= WHAT IS REQUIRED =
Images should be omitted while the rest of the data is duplicated exactly.

= RECORDED DATA =

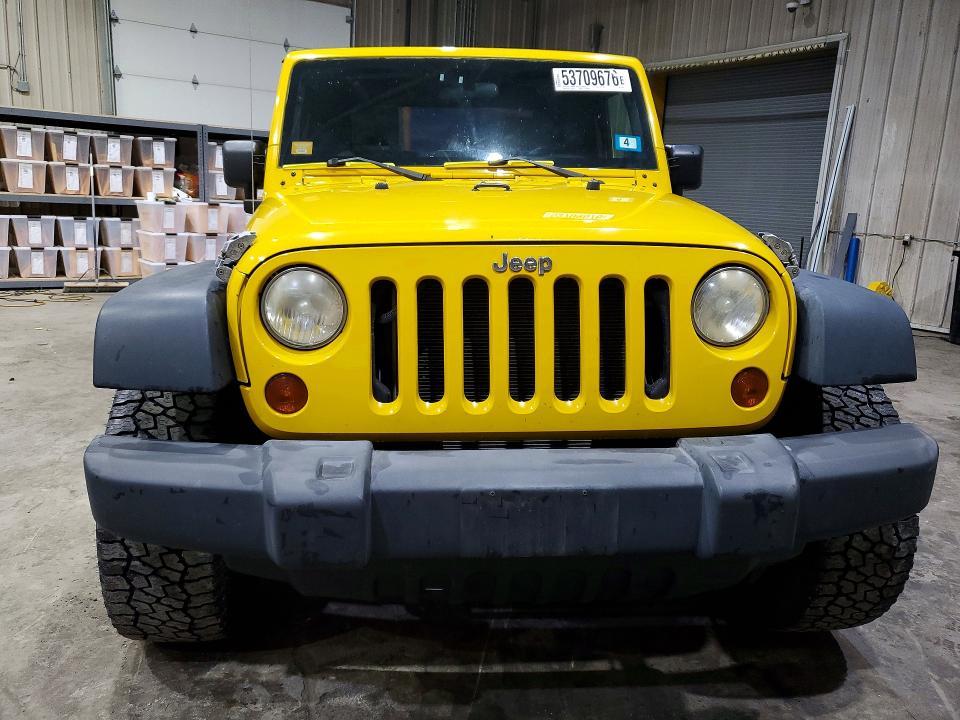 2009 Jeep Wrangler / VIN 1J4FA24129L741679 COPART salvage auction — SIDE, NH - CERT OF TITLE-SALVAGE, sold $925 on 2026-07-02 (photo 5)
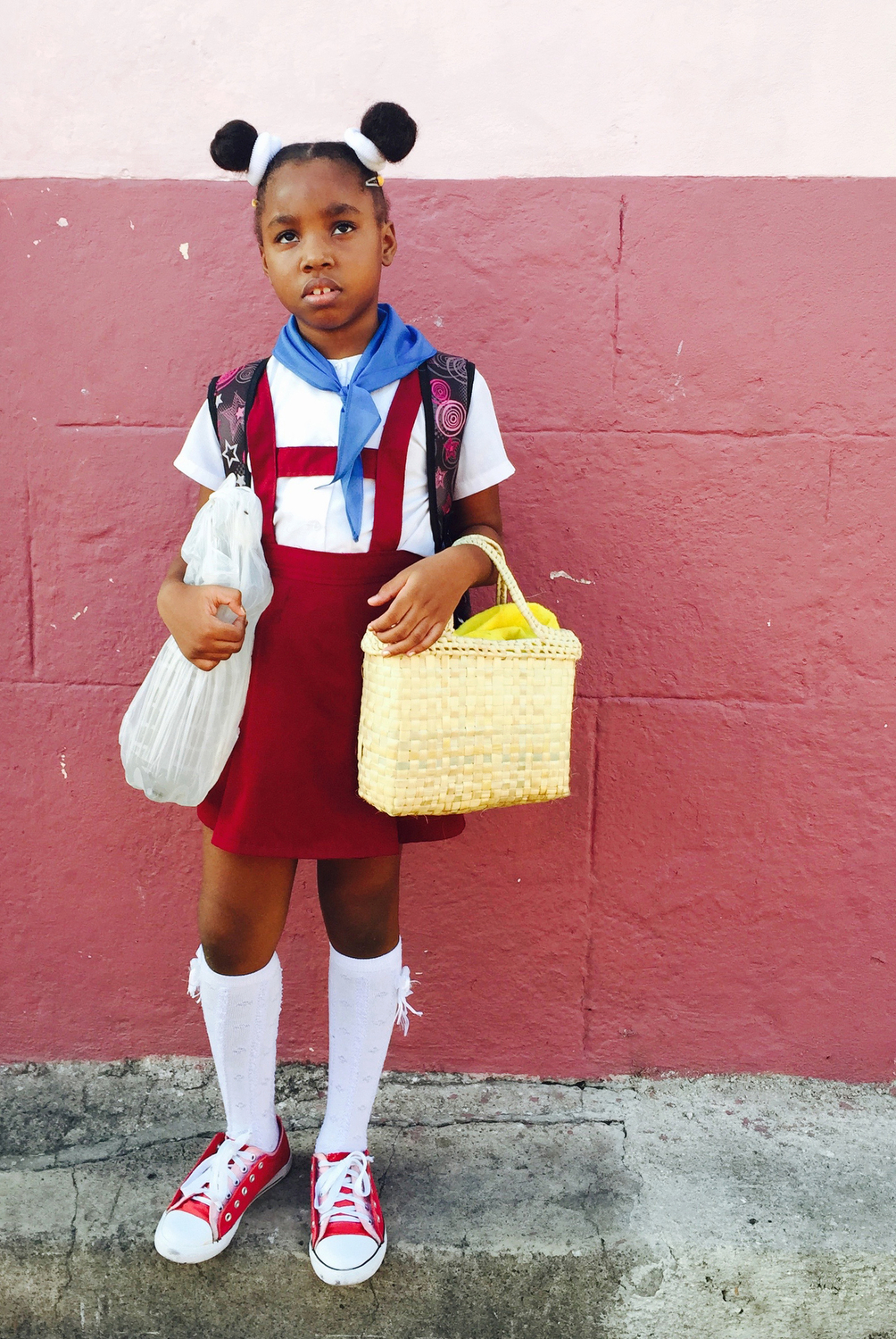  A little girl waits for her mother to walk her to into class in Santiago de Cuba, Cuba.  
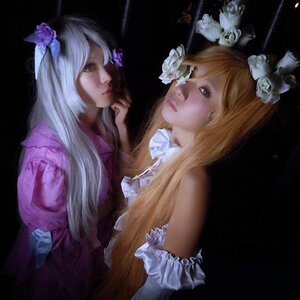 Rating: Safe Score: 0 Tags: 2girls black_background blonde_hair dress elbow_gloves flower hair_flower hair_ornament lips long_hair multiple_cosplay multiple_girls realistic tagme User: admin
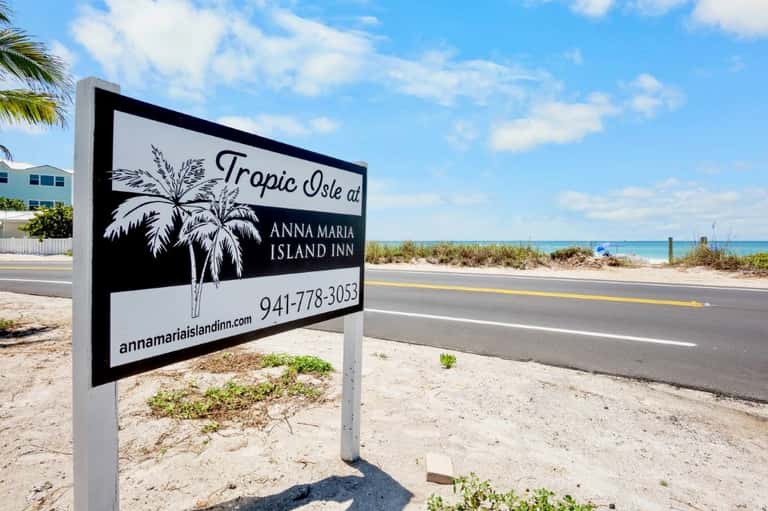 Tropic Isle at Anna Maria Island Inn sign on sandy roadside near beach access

= WRITTEN ANSWER =
 2009 Jeep Wrangler / VIN 1J4FA24129L741679 COPART salvage auction — SIDE, NH - CERT OF TITLE-SALVAGE, sold $925 on 2026-07-02 (photo 5)
  A little girl waits for her mother to walk her to into class in Santiago de Cuba, Cuba.  
 Rating: Safe Score: 0 Tags: 2girls black_background blonde_hair dress elbow_gloves flower hair_flower hair_ornament lips long_hair multiple_cosplay multiple_girls realistic tagme User: admin
 Tropic Isle at Anna Maria Island Inn sign on sandy roadside near beach access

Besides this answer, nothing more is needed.